Fino all´ultimo, i nuovi «criteri» e il loro bilanciamento sono stati fortemente osteggiati dalle banche e dagli industriali. Ancora ieri l´altro Alessandro Profumo, nella sua veste di presidente della Federazione bancaria europea, ha inviato una lettera-appello proprio a Trichet, oltre che al presidente Ue Barroso. Ieri, di nuovo, c´è stato il no della Confindustria. Ma resistenze sono venute nel tempo anche da altri paesi, dalla Francia come dagli Usa. Per tutti, il timore era che troppi vincoli avrebbero imbrigliato la già tiepida ripresa dell´economia e che troppi paletti avrebbero frenato la concorrenza tra le istituzioni finanziarie. Le autorità di vigilanza però hanno tenuto duro, cercando di smussare le tante resistenze, ma senza rinunciare ad una convinzione di fondo: se lasciate libere, le banche mai avrebbero messo da parte i denari necessari per affrontare i periodi difficili.
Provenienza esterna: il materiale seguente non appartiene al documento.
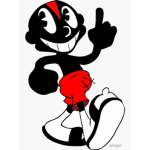 lil darki undercross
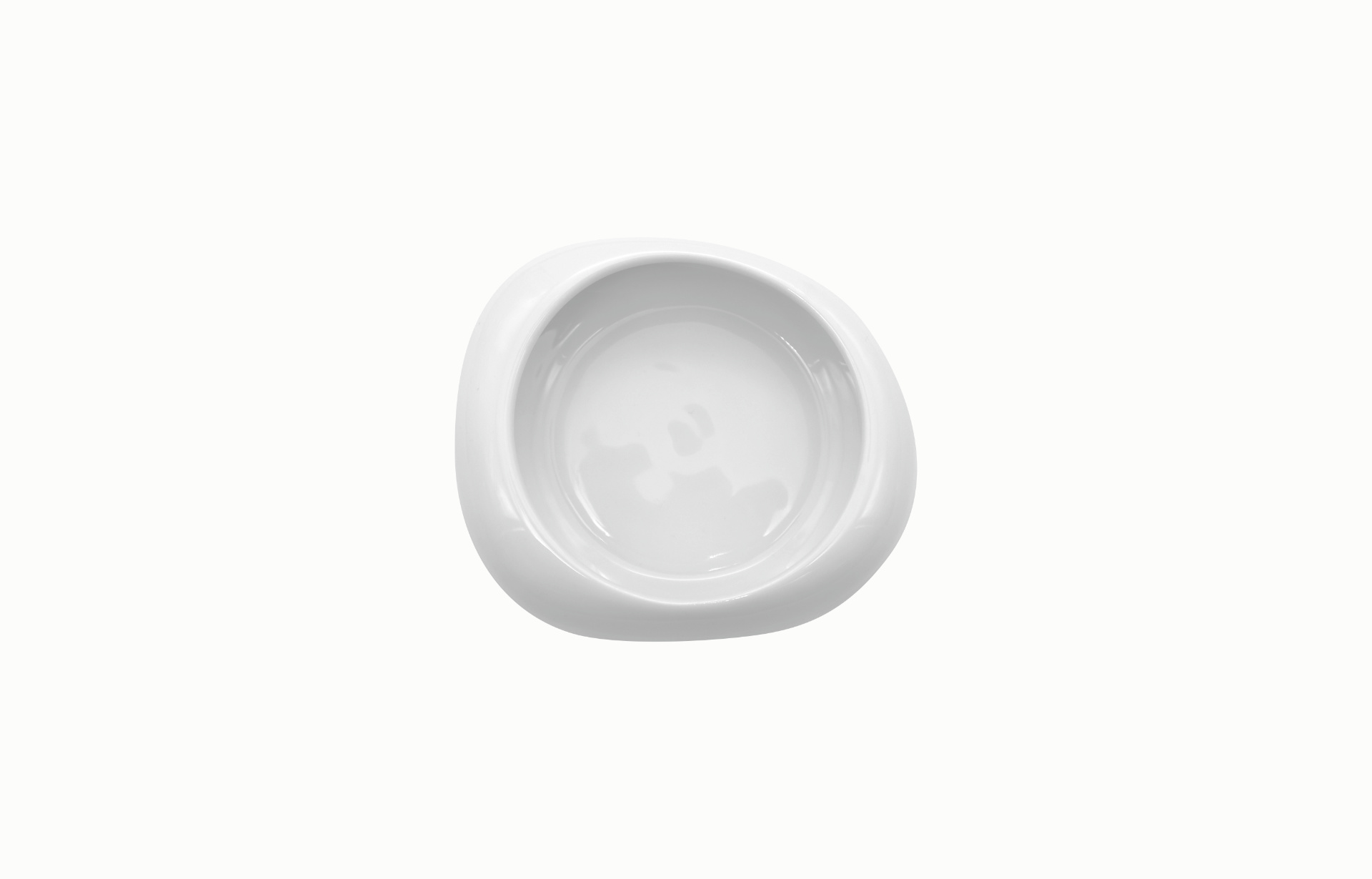 Taça Pedra 9x9x3cm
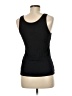 Unbranded Black Tank Top Size M - photo 2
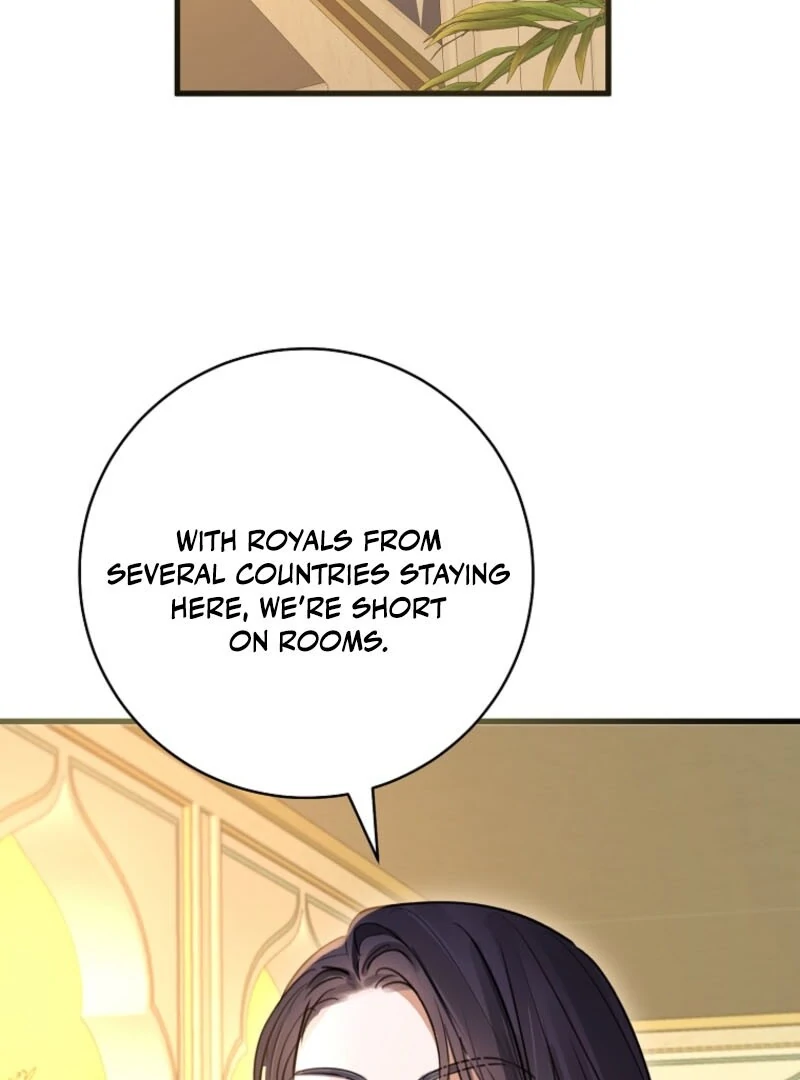 The Archduke's Gorgeous Wedding Was a Fraud Chapter 79 page 11
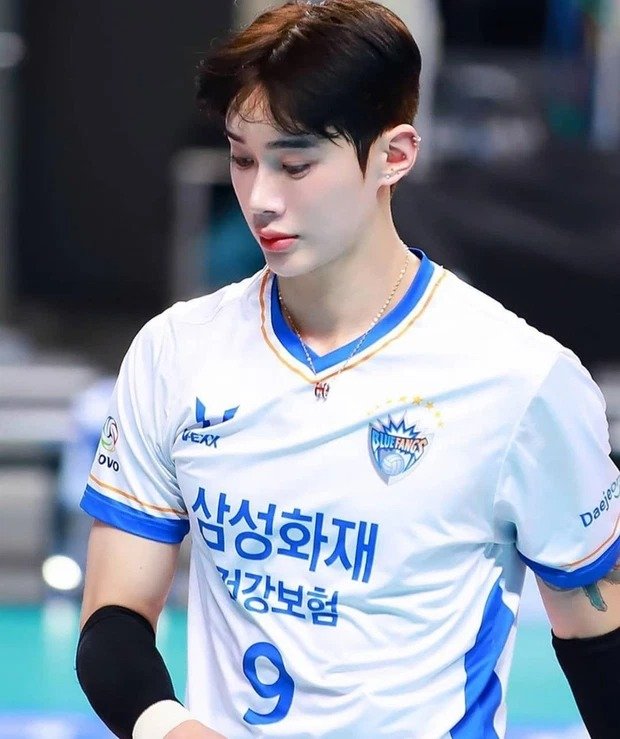 Kim In Hyuk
Perciò intenso è stato il lavorìo tecnico-diplomatico sulla durata della fase di transizione, questa sì essenziale per la percezione dei mercati e per i contraccolpi sull´economia: il negoziato alla fine ha ridotto di un anno il termine ultimo per l´entrata in vigore della riforma, fissato oggi al 2019. «È un congruo periodo per adeguarsi agli standard e continuare a sostenere la ripresa», commenta non a caso Trichet.
Le regole sono il frutto di oltre due anni di studi tecnici condotti dal Financial Stability Board, l´organismo anticrisi voluto dal G20 e guidato dal governatore della Banca d´Italia, Mario Draghi. L´intesa è il risultato di un delicato negoziato per calibrare i più rigidi coefficienti di capitale e liquidità ad una tempistica di adeguamento più soft. Draghi si è speso in prima persona in tutto il periodo di preparazione, lanciando anche un vero e proprio Sos ai capi di stato e di governo perché dessero il loro appoggio politico al progetto. Nella sua visione, ma anche in quella delle altre autorità, con la riforma il sistema bancario del domani sarà più forte e meno vulnerabile; i risparmiatori più garantiti.
La riforma scatta dal 2013. Sotto il profilo più tecnico prevede: il raddoppio, dal 2 al 4,5% del cosiddetto common equity, cioè capitale azionario più riserve. Passa dal 4 al 6% il requisito minimo per il patrimonio di base di qualità (Tier 1, in gergo). Il rapporto tra patrimonio totale e attività di rischio ponderate resta all´8%. Vengono introdotti dei buffer, cioè dei cuscinetti di capitale: uno fisso, l´altro aggiuntivo a garanzia di possibili difficoltà cicliche (fino al 5%). Quando questo buffer si attiva, le banche non potranno distribuire dividendi né elargire i superbonus ai manager. È consentito di non dedurre per un lungo periodo gli strumenti sottoscritti dai governi, come i Tremonti bond. Approvata a livello tecnico dal vertice di Basilea, la riforma dovrà ora avere anche il placet politico: il via libera è atteso dai capi di stato e di governo nella riunione del G20 in programma a Seul, in novembre.